■ WORK INSTRUCTIONS:
Repeat exactly what runs from the line containing "Cinnamon Peach and" through the last line of the material below. Do not copy the pictures.

[Opening DATA FOR REVIEW section]

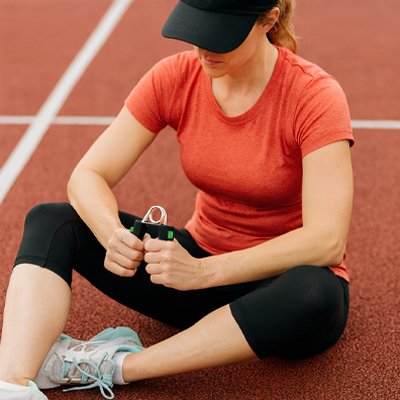 femme exercice avant bras avec  grip for hands 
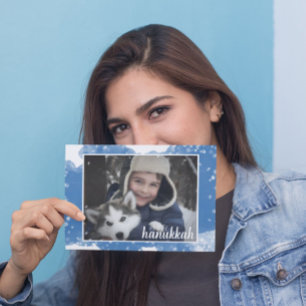 Cartão Postal De Festividades Foto de Feriado Hanukkah com Aquarela Azul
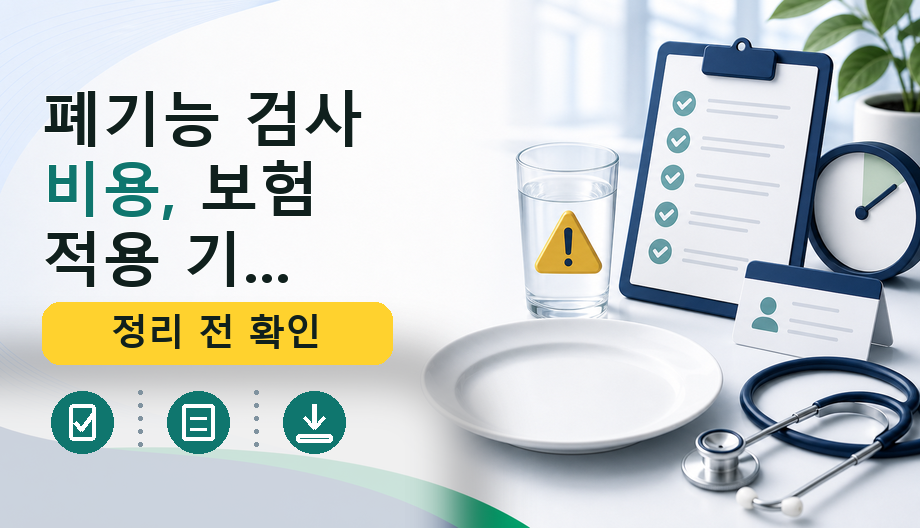 폐기능 검사 비용, 보험 적용 기준은? 확인 전 필수 체크리스트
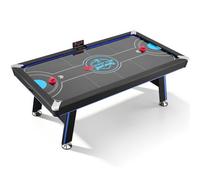 VEVOR Table Air Hockey 226 cm, Jeu de Hockey sur Table Scoreur Électronique | Pour Salle de Jeux Sous-sols Maison, Coussin d'Air avec Soufflerie, Éclairage LED, Structure Stable, Avec Poussoirs et Palets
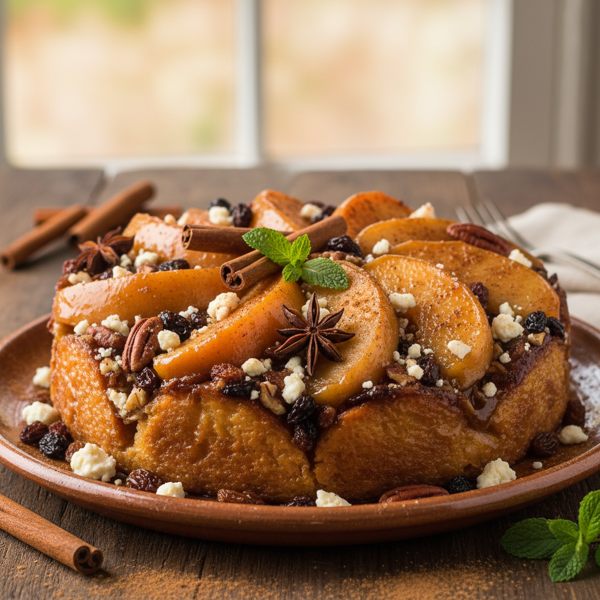 Cinnamon Peach and Pear Upside-Down Capirotada recipe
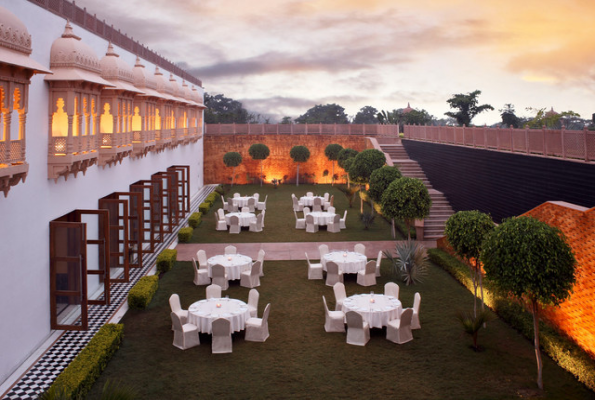 The Fateh Sagar Lawn at Radisson Blu Udaipur Palace Resort & Spa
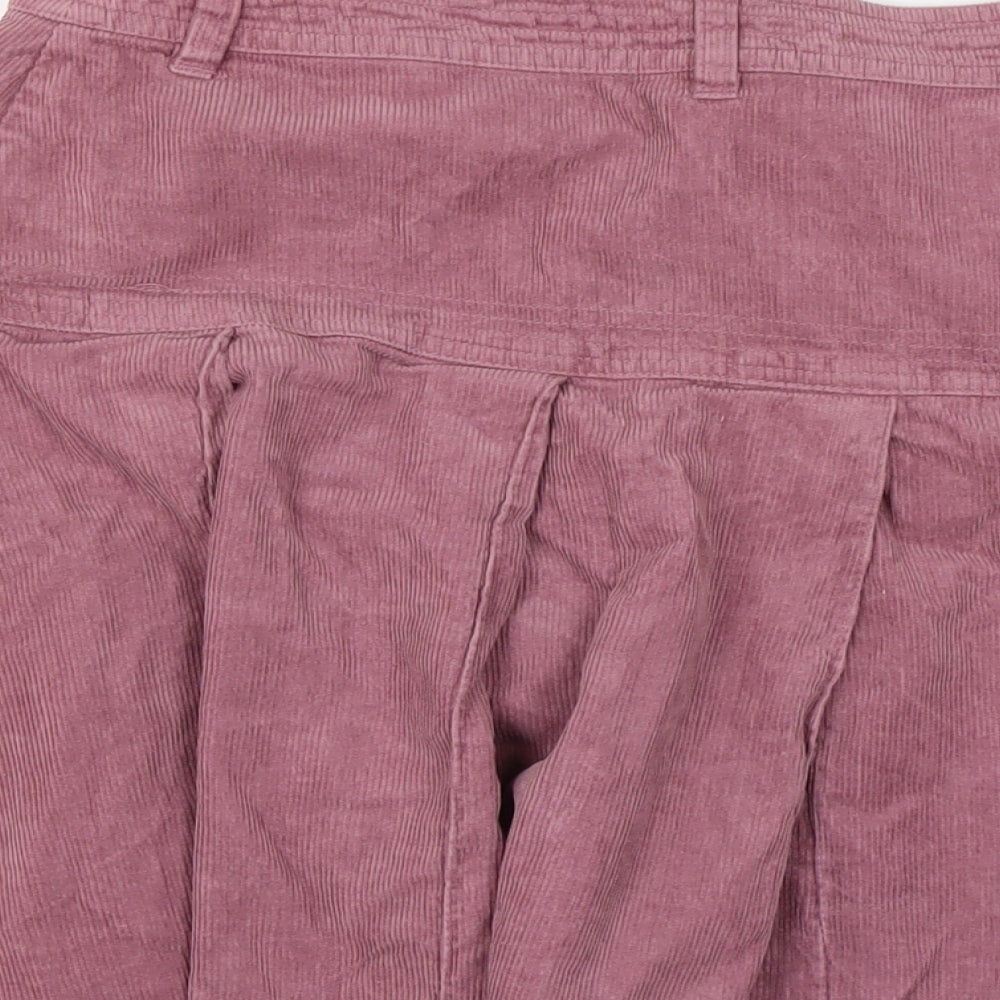 H&M Womens Purple Cotton Skater Skirt Size 10 Button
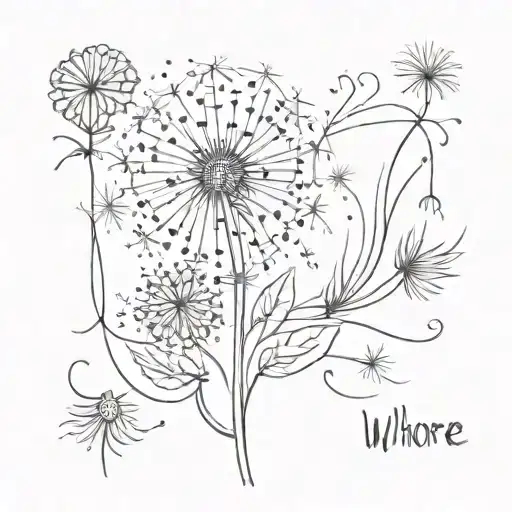 dandelion transforming text "whore" tattoo design idea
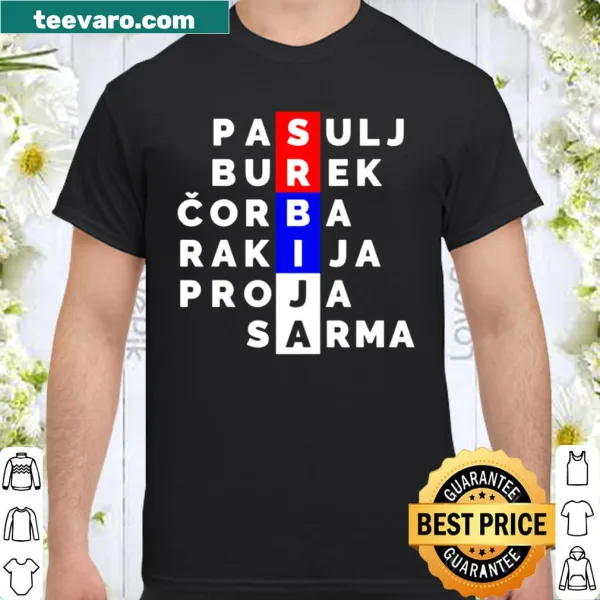 Illustration of Serbian foods with flag colors on a t-shirt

[Closing DATA FOR REVIEW section]

■ REPLY TO THE TASK:
 Cinnamon Peach and Pear Upside-Down Capirotada recipe
 The Fateh Sagar Lawn at Radisson Blu Udaipur Palace Resort & Spa
 H&M Womens Purple Cotton Skater Skirt Size 10 Button
 dandelion transforming text "whore" tattoo design idea
 Illustration of Serbian foods with flag colors on a t-shirt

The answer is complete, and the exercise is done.